**SOURCE DATA:**
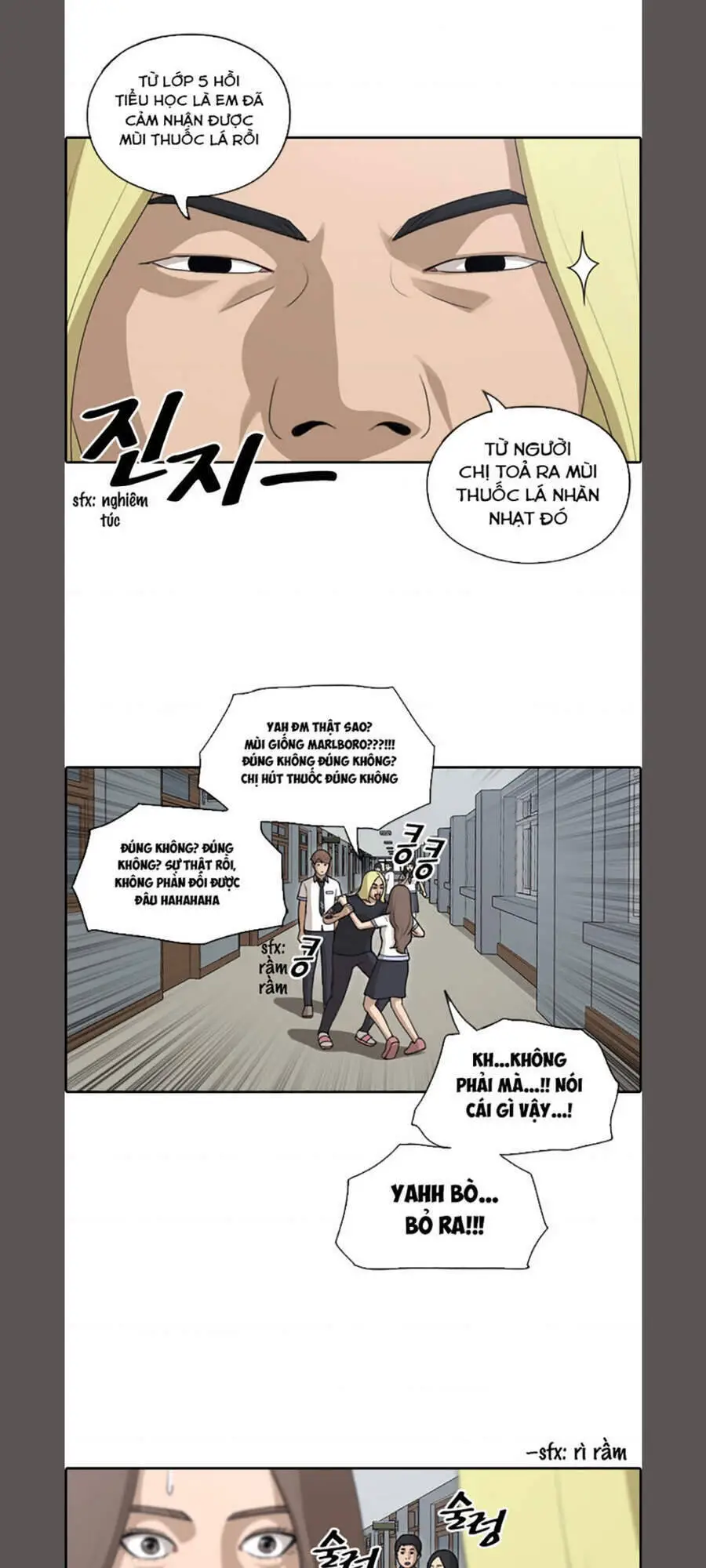 Free Draw Nettruyen ZZZ Chương 108 Page 7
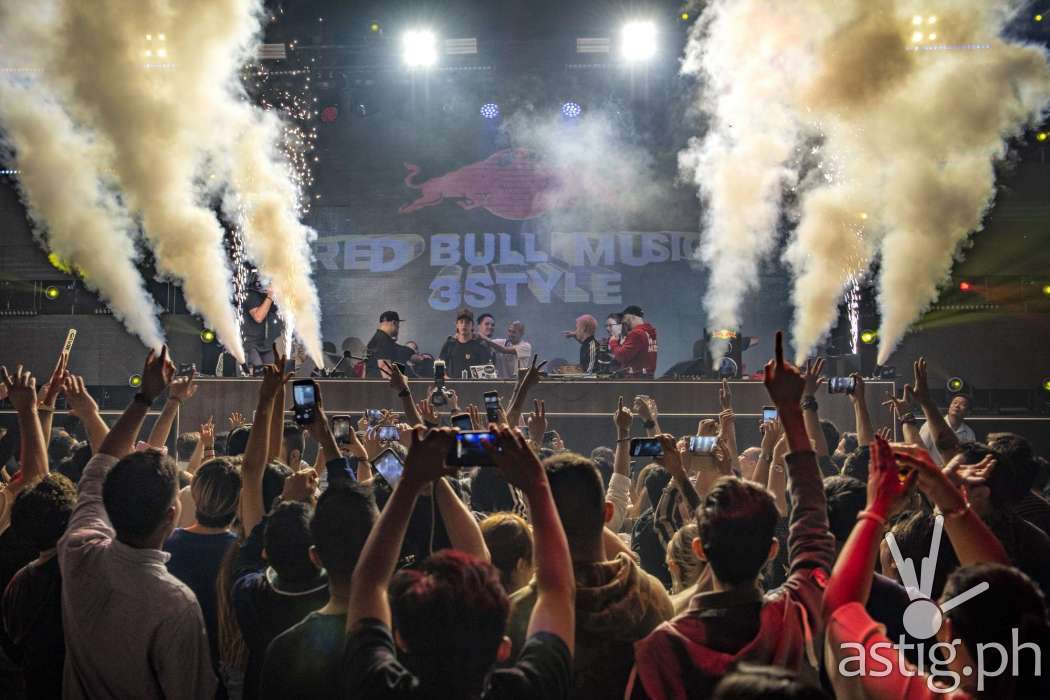 2018 Red Bull Music 3Style Philippines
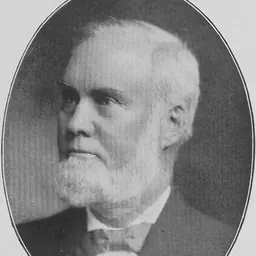 Portrait of Samuel Hannaford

**EXERCISE DESCRIPTION:** Every line above must be printed again exactly, pictures excluded.

**EXERCISE OUTPUT:**
 Free Draw Nettruyen ZZZ Chương 108 Page 7
 2018 Red Bull Music 3Style Philippines
 Portrait of Samuel Hannaford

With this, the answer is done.